Frequent questions for LC-KSVD

Q1 : For SRC method, I don't know which method is used to solve the L1-norm problem. I used LARS, and find the result is very poor, can you give me a help? If I want to get a high recognition rate what method should I use?

Answer: As you know, the SRC approach uses L1-norm regularization. For the L1 sparse coding, you can use the package “Efficient Sparse coding algorithm” (http://ai.stanford.edu/~hllee/softwares/nips06-sparsecoding.htm) or SPAMS (http://spams-devel.gforge.inria.fr/downloads.html). For the dictionary of SRC, you need to L2-normalize the dictionary items which are the training samples. More importantly, the training samples contain a lot of bad quality (full 0) images. Directly using these bad samples as dictionary items is not good. You can try to remove those bad images first by thresholding the norm of every image.

Q2: I use your code to learn a dictionary from a set of image patches (using intensities), after applying the initialization4LCKSVD code the learned dictionary for each class(in my case 2 classes) are in order and separable(as I look at them by eye) but after applying the "labelconsistentksvd1" code the learned dictionary atoms are mixed for two classes(the label of each dictionary atom is not the same as initial dictionary) and I think it's because the SVD code trick that tries to polish those dictionary atoms that are similar and replace them by selecting random patches of image? how can I solve this issue?

Answer: Our approach does not strictly and explicitly enforce a label to each dictionary item during optimization. After dictionary initialization, you know, we only use a label consistent term to encourage the signals from a class to high peak at some specific items. So a dictionary item might not belong to one specific class, it can be shared between classes. In addition, a patch might belong to different classes. So the patch-based inputs might not be suitable for our framework. You know, all of our experiments use holistic/global representations as input signals.

Q3: After learning the dictionary using a set of labeled training data, how can I use the estimated classifier W to classify a set of unlabeled data as it seems we need the label of test data in your "classification" code that is not available for the case of test data. Can you please briefly explain the steps that I need to do for classification using the learned dictionary?

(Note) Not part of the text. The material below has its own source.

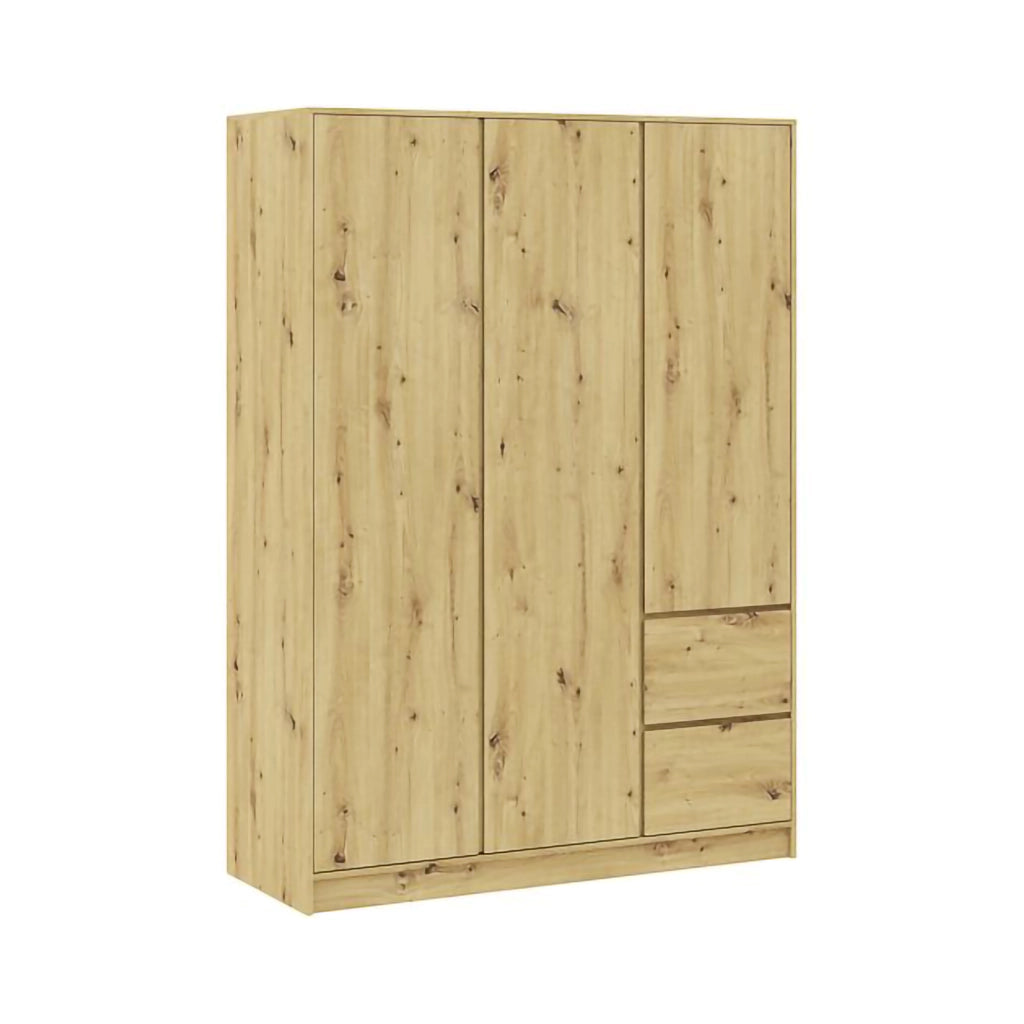 Armadio Camera da Letto Leseto, Guardaroba 3 Ante Appendiabiti, 147x57 cm Marrone Rovere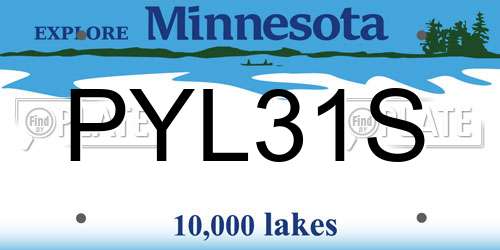 PYL31S Minnesota License Plate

Answer: You can look into the long version of our paper (PAMI paper). For a test image, you need to compute the sparse code first, then multiple it with the learned W to obtain a label vector. The index of the maximum element of the label vector is its class label.

Q4: I have a question about the dictionary size selection in the LC-KSVD. When the dictionary size is set to 570 (15 training samples per class), I run your code and can perfectly obtain the results reported in your paper (94.5 for LC-KSVD1, and 95.0 for LC-KSVD2 on Yale B). However, when I want to use all the train.samp and increase the dictionary size (the line 23 in the "main" function) to 1216, the recognition results become horrible. Like 0.02 for LC-KSVD1, and 0.81 for LC-KSVD2. These are far from the reuslt 96.7 in your paper.

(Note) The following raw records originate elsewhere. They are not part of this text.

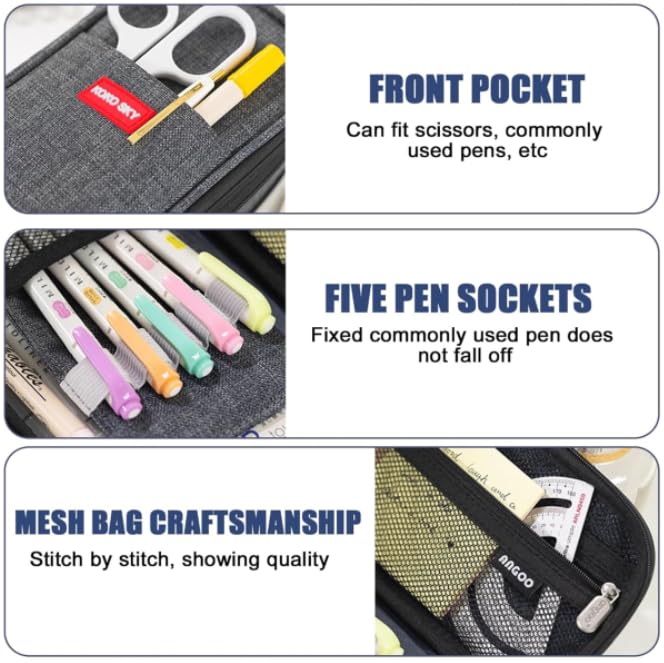 Zibuyu Pencil Case for School, Office and Travel with Multi Compartments | Stylish Organizer Pouch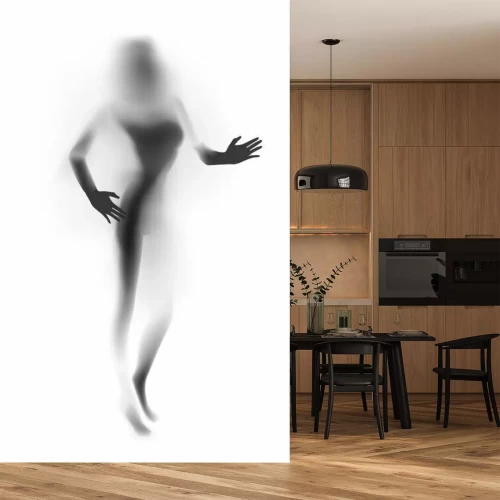 Fototapete Frau hinter einer Milchglasscheibe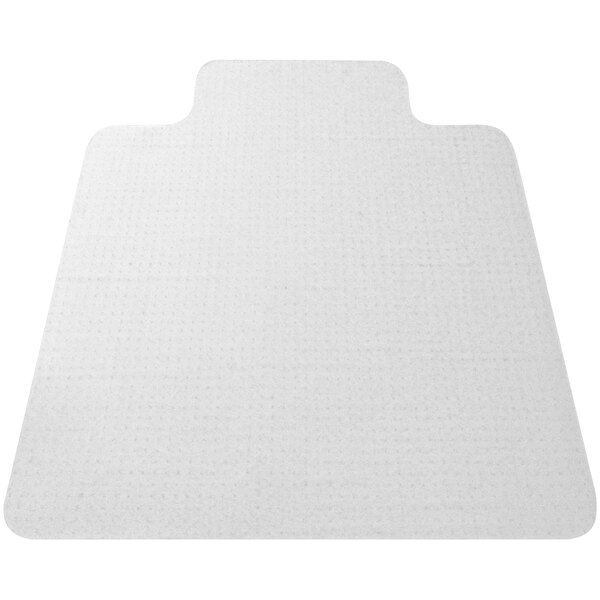A clear vinyl chair mat with a curved edge and studded surface.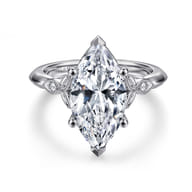 Eliza - Vintage Inspired 14K White Gold Split Shank Marquise Shape Diamond Engagement Ring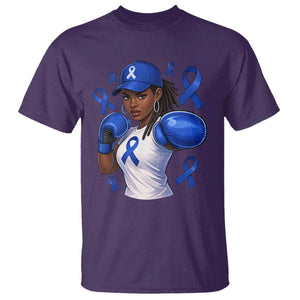 Black Women Fight Colon Cancer Blue Ribbon T Shirt African American Girls TS10 Purple Print Your Wear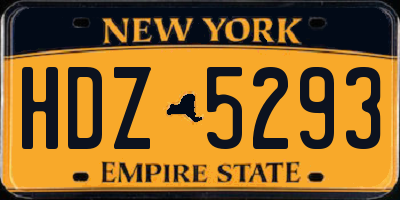 NY license plate HDZ5293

Answer: I finished this experiment three years ago, i am not sure the detailed parameters. But one thing i can suggest, you know, the 1216 training samples contains a lot of bad quality (full 0) images, learned dictionary should be not good. You can try to remove those bad images first by thresholding the norm of every image, which means that if the norm of one image is smaller than a threshold, it will be removed from the training data. Therefore, the final dictionary size should not be 1216 although we use all the training samples.

Q5: I downloaded your code and it runs successfully. But the problem is how to test the algorithm using different data set. So how can i convert the data set images to feature vector matlab mat file. Do you mind to share this code?

Answer: For the random face feature, please check the project webpage. We have already provided the demo code. For the spatial pyramid feature, we just use the standard code from Prof. Lazebnik (http://www.cs.illinois.edu/homes/slazebni/research/SpatialPyramid.zip). You might also be interested in looking at LLC code: http://www.ifp.illinois.edu/~jyang29/LLC.htm. Their code also includes spatial pyramid part but they used sparse coding for the SIFT features while the standard spatial pyramid uses simple vector quantization. Our approach used vector quantization.

Q6: Similar to SRC, the dictionary items learned by LC-KSVD preserve category information. Is it due to the reason that the initial dictionary is learned by employing several iterations of K-SVD within each class and then combining all the outputs of each K-SVD?

Answer: Apart from the dictionary is initialized by using individual ksvd within each class, the label consistent constraint-Discriminative sparse code error also helps to preserve the category information for each dictionary item.

Q7: The label information can be made use of by Label Consistent. If the dictionary is randomly generated, the label information can still be used? What is the relationship between the initialization and the random? Can the initialization speed the iteration or others reasons?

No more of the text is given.